Replacing the external crystal may reduce the clock speed, but this will modify the Arduino.

The clock prescaler can maximum reduce the clock speed by a factor of 256, and requires instructions to write to this register (CLKPR). However, the prescaler can be set to 8 using the CKDIV8 fuse, which does not require code instructions.

Using fuse settings, it is possible to change CPU clock source. Instead of using the external crystal as clock source, you can set the CKSEL fuses to use the 128 kHz internal oscillator. Combining this with CKDIV8, the clock speed becomes 128 / 8 = 16 kHz.

This reduces the clock speed from 16 MHz to 16 kHz, reducing the speed with a factor of 1024. Meaning that the 3 busy-wait instructions can likely be reduced to 2.

But, reduced clock speed can also be combined with the hack of avoiding the jump instruction, cycling through the blank flash. The ATMega328P have 32 kB of flash, which becomes 16k 16-bit words. Given that the FFFF instruction behaves like a NOP instruction, each NOP takes 1 clock cycle. Cycling through the flash takes 16k clock cycles. At 16 MHz, this is done 1000 times pr second. But, at 16 kHz, this is done once pr second. Thus, we can remove all busy-wait instructions, and be left with two instructions.

1
2
3
4
5
6
7
8
9
10
11
12
13
14
15
16
17
18
19
20
21
22
23
24
; Blink
; ASM demo for Arduino Uno

; Program occupies 4 bytes of flash

; Requires that all remainding flash is erased
; Requires that CKSEL fuses is set to internal 128 kHz oscillator
; Requires that CKDIV8 fuse is programmed

; LED pin:
; PB5 on Arduino Uno (onboard LED)

#define DDRB 0x04
#define PINB 0x03

#define OUTPUT_PIN 5

; Setup: Set "pin 5" (PB5) as output
sbi DDRB,OUTPUT_PIN ; DDRB |= (1 << 5)

; Toggle pin 5. According to datasheet, this can be done by writing to PINx
sbi PINB,OUTPUT_PIN ; PINB |= (1 << 5) --> the hardware treats this as PORTB ^= (1 << 5)

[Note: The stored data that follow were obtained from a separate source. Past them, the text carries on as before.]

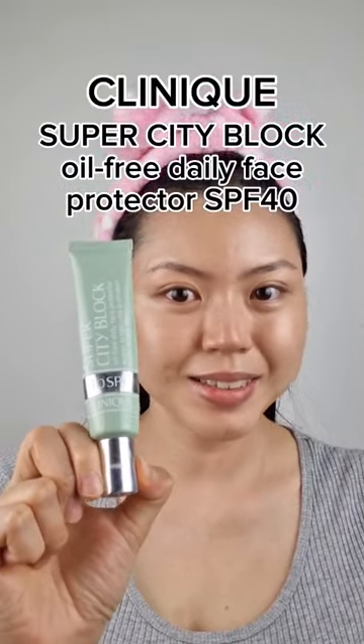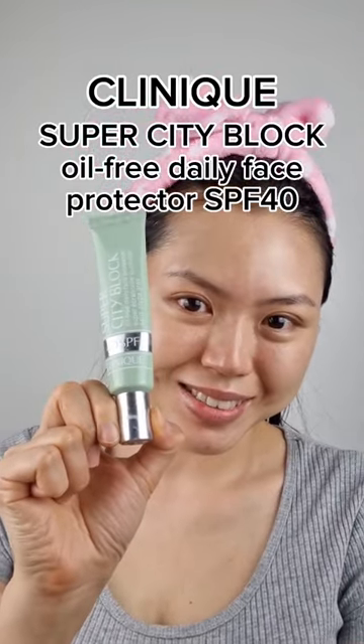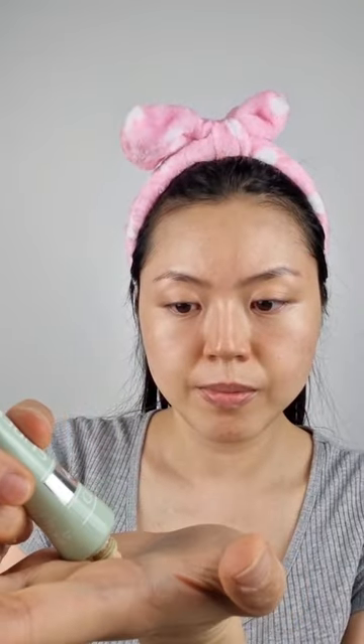In this video, I'll be sharing my experiences with the Clinique Super City Block All-Free Daily Face Protector SPF40. This tube that I'm holding is the old packaging that it came in. The newly released packaging has the text printed in black.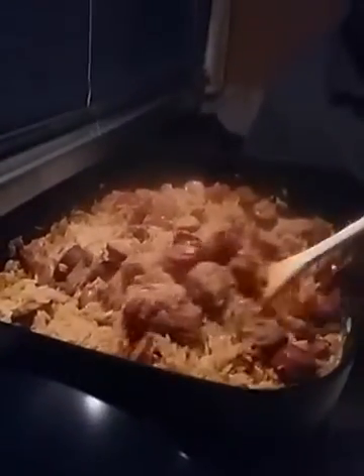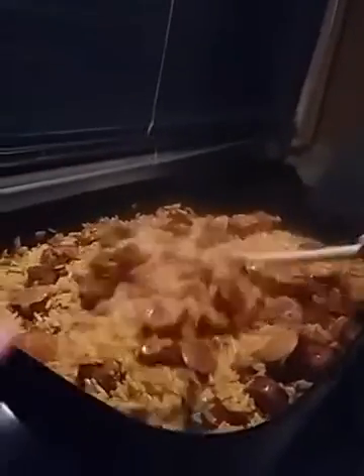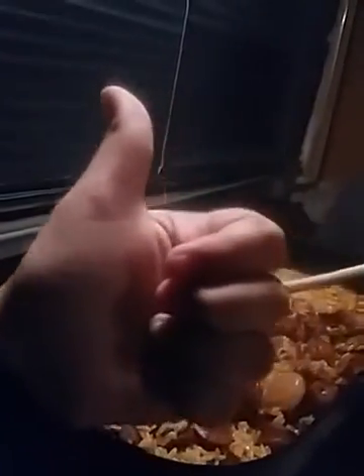The sauce will thicken as it stands, I think, but nevertheless — you see how good that smells? Oh yeah. So there you go, in a nutshell, ladies and gentlemen, you've seen the whole process.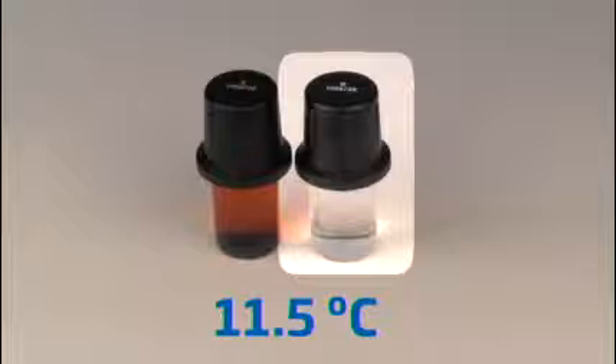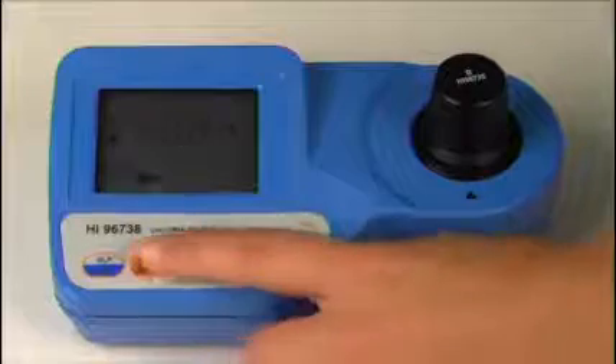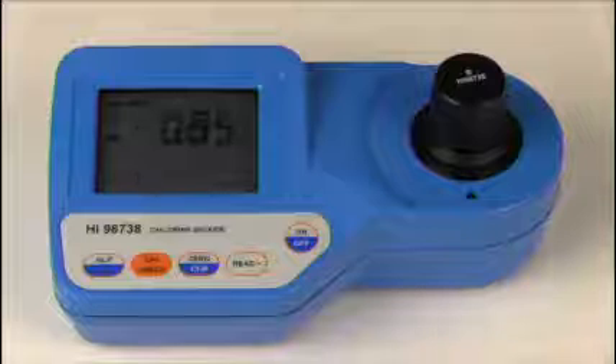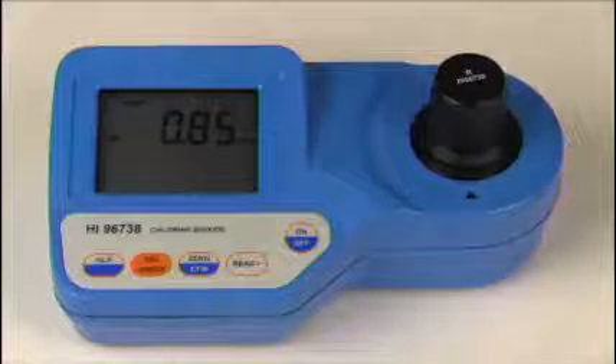Next we are going to read the one milligram per liter standard which has been cooled to 11.5 degrees Celsius. We will zero the meter, wipe the standard of any dust or prints, place the cuvette into the meter and index it, then press the CalCheck button. The cooled standard reads 0.85 milligrams per liter, which is significantly lower than the expected value of one milligram per liter.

; No more instructions, loop through the remainding of the flash at low speed

Assembly listing:

1
2
3
00000000 <__ctors_end>:
0: bc 9a sbi 0x17, 4 ; 23
2: b4 9a sbi 0x16, 4 ; 22

This program on 4 bytes will cause the LED to blink at a visible rate. However, it requires adjusted fuse settings, and completely wiped flash. These requirements demands an ISP programmer, and will cause the Arduino to not be programmable again using the ordinary USB interface (until the bootloader is manually programmed again, using an ISP). Because of this, I do not consider this a “valid” Arduino program. But, given this inconvenience of programming and consecutive programming, this will indeed be a 4 byte version of the blink program.